Mais la soirée n’est pas terminée. Qui dit cérémonie d’ouverture dit aussi film d’ouverture. Cette année, Cannes nous propose du grand et beau spectacle avec Jeanne du Barry, réalisé par Maïween qui y interprète avec brio son héroïne, Jeanne Vaubernier, fille du peuple avide de s’élever socialement, qui met à profit ses charmes pour sortir de sa condition jusqu’à se retrouver la favorite du Roi et vivre avec lui une grande histoire d’amour.
Le film sort aujourd’hui même en salle.
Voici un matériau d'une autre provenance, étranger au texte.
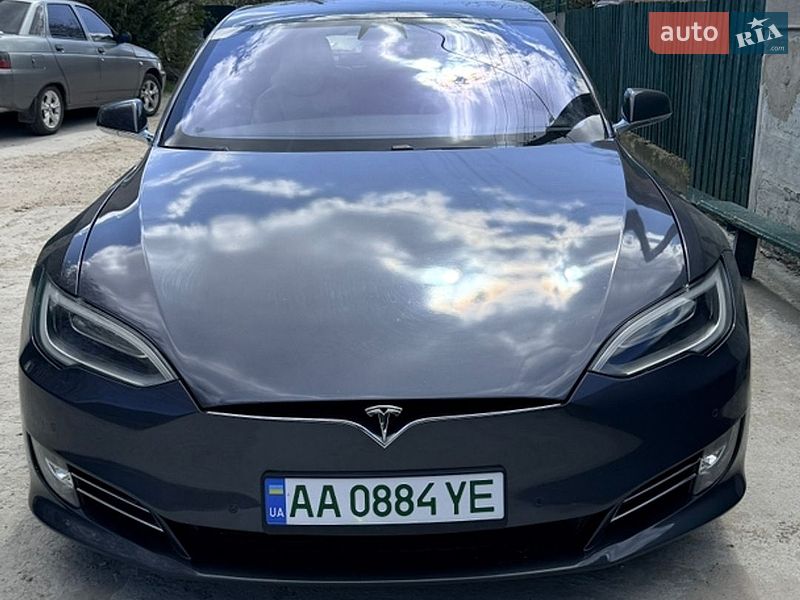 Лифтбек Tesla Model S 2017 в Киеве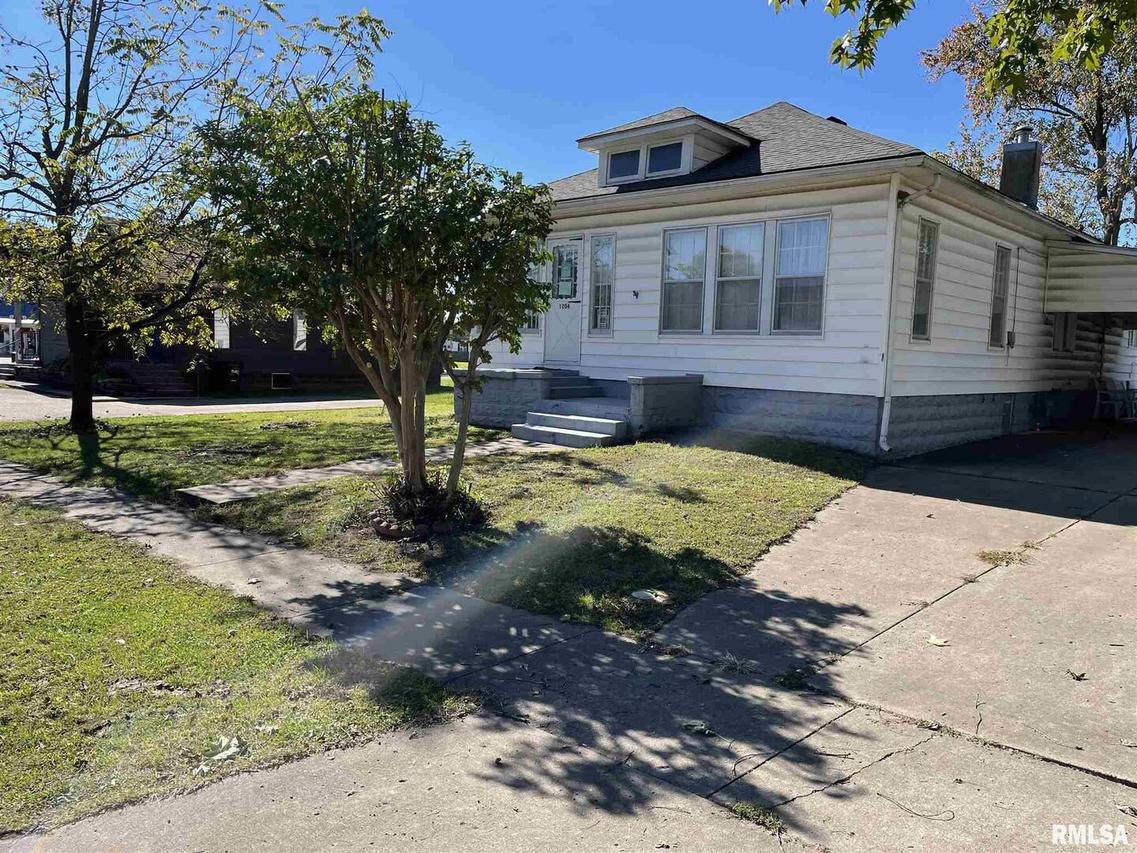 1204 N Logan St., Marion, IL 62959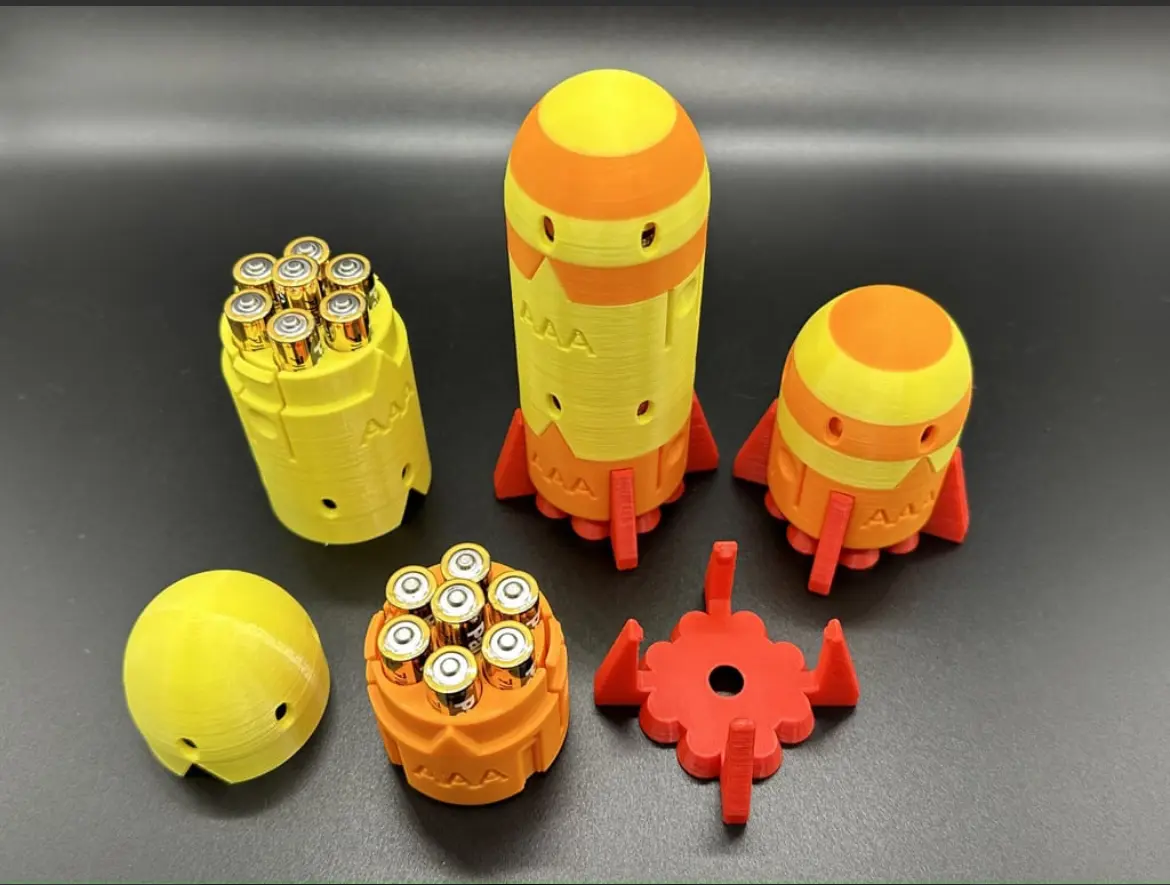 Rocket ship battery holder
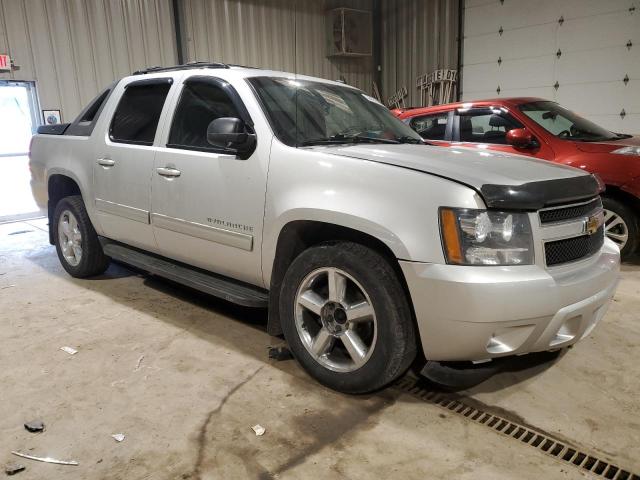 Photo 4 from auction – 2010 CHEVROLET AVALANCHE with VIN 3GNVKEE01AG254701
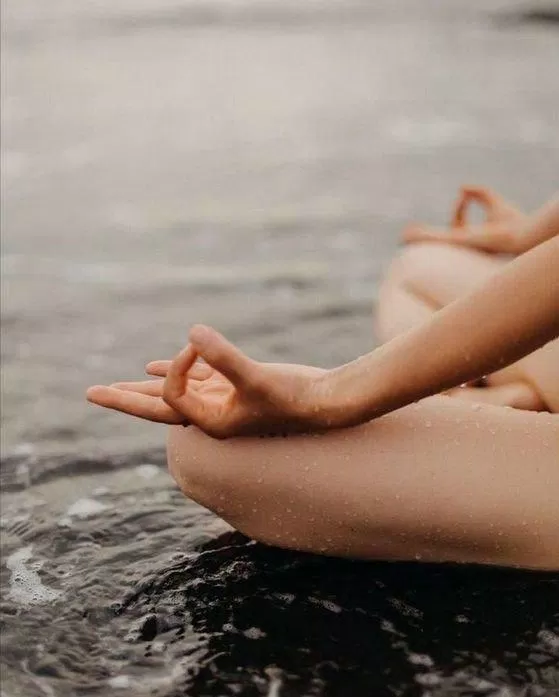 Thiền giúp chúng ta thư giãn (Ảnh: Pinterest)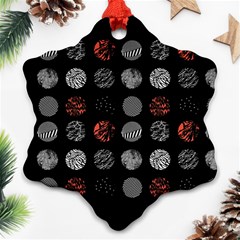 Black And Multicolored Polka Dot Artwork Digital Art Snowflake Ornament (two Sides)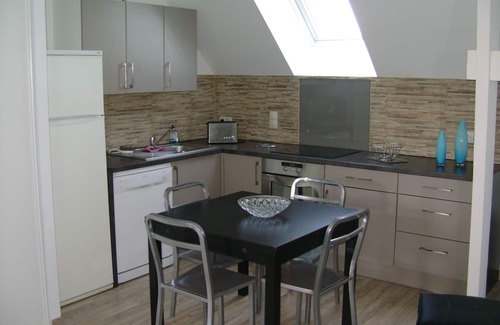 Demouville Apartamento | Alquiler con jardín para 4 personas situado entre CAEN y las playas.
Il marque aussi le grand retour de Johnny Deep sur grand écran, après ses déboires juridiques qui l’opposait à son ex Amber Heard. Il y tient le rôle de Louis XV avec justesse et sobriété et surtout un immense charisme. Mais c’est aussi la prestation très touchante de Benjamin Lavernhe qu’il faut retenir. il est le premier valet de chambre du Roi, La Borde, chargé de former la future jeune maîtresse dont il devient l’ami, aux usages de la cour (avant de présenter, vendredi 26, L’abbé Pierre, une vie de Combats dont il tient le rôle-titre.). Lavernhe incarne son personnage avec grâce, dans un positionnement fait de rectitude où se dispute à l’humour et l’émotion.
Jeanne du Barry offre une jolie évocation de la vie agitée à la cour du roi Louis XV, servie par une mise en scène somme toute très classique mais se voulant aussi marquée d’un esprit moderne, en abordant en particulier la condition féminine et certaines problématiques de notre société contemporaine.
On a là typiquement un vrai divertissement qui intègre du fond et le fait plutôt bien. Le tournage en 35 mm a en partie eu lieu au Château de Versailles et offre donc un décor on ne peut plus à la hauteur du projet et la conception des costumes est en plus remarquable, donnant vie à cette « culture royale à la française », luxueuse et grandiose, à travers des murs couverts de fleurs, des plafonds dramatiquement hauts et des robes de toutes les nuances et de tous les motifs. La partition de Stephen Warbeck est aussi parfaitement adaptée.
Maïwenn donne une interprétation engageante, pleine d’entrain qui permet aux spectateurs d’avoir de l’empathie pour Jeanne et de comprendre son cheminement et sa situation si particulière.